• PROBLEM REQUIREMENTS: Among the records, find the lines that hold the string "three" and return them.

• SOURCE MATERIAL:

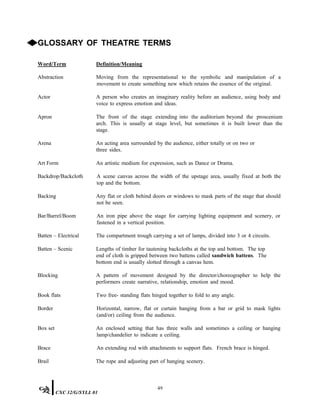 ◆GLOSSARY OF THEATRE TERMS
Word/Term Definition/Meaning
Abstraction Moving from the representational to the symbolic and manipulation of a
movement to create something new which retains the essence of the original.
Actor A person who creates an imaginary reality before an audience, using body and
voice to express emotion and ideas.
Apron The front of the stage extending into the auditorium beyond the proscenium
arch. This is usually at stage level, but sometimes it is built lower than the
stage.
Arena An acting area surrounded by the audience, either totally or on two or
three sides.
Art Form An artistic medium for expression, such as Dance or Drama.
Backdrop/Backcloth A scene canvas across the width of the upstage area, usually fixed at both the
top and the bottom.
Backing Any flat or cloth behind doors or windows to mask parts of the stage that should
not be seen.
Bar/Barrel/Boom An iron pipe above the stage for carrying lighting equipment and scenery, or
fastened in a vertical position.
Batten – Electrical The compartment trough carrying a set of lamps, divided into 3 or 4 circuits.
Batten – Scenic Lengths of timber for tautening backcloths at the top and bottom. The top
end of cloth is gripped between two battens called sandwich battens. The
bottom end is usually slotted through a canvas hem.
Blocking A pattern of movement designed by the director/choreographer to help the
performers create narrative, relationship, emotion and mood.
Book flats Two free- standing flats hinged together to fold to any angle.
Border Horizontal, narrow, flat or curtain hanging from a bar or grid to mask lights
(and/or) ceiling from the audience.
Box set An enclosed setting that has three walls and sometimes a ceiling or hanging
lamp/chandelier to indicate a ceiling.
Brace An extending rod with attachments to support flats. French brace is hinged.
Brail The rope and adjusting part of hanging scenery.
49
CXC 32/G/SYLL 01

• OUTPUT OF THE EXERCISE:
three sides.
Box set An enclosed setting that has three walls and sometimes a ceiling or hanging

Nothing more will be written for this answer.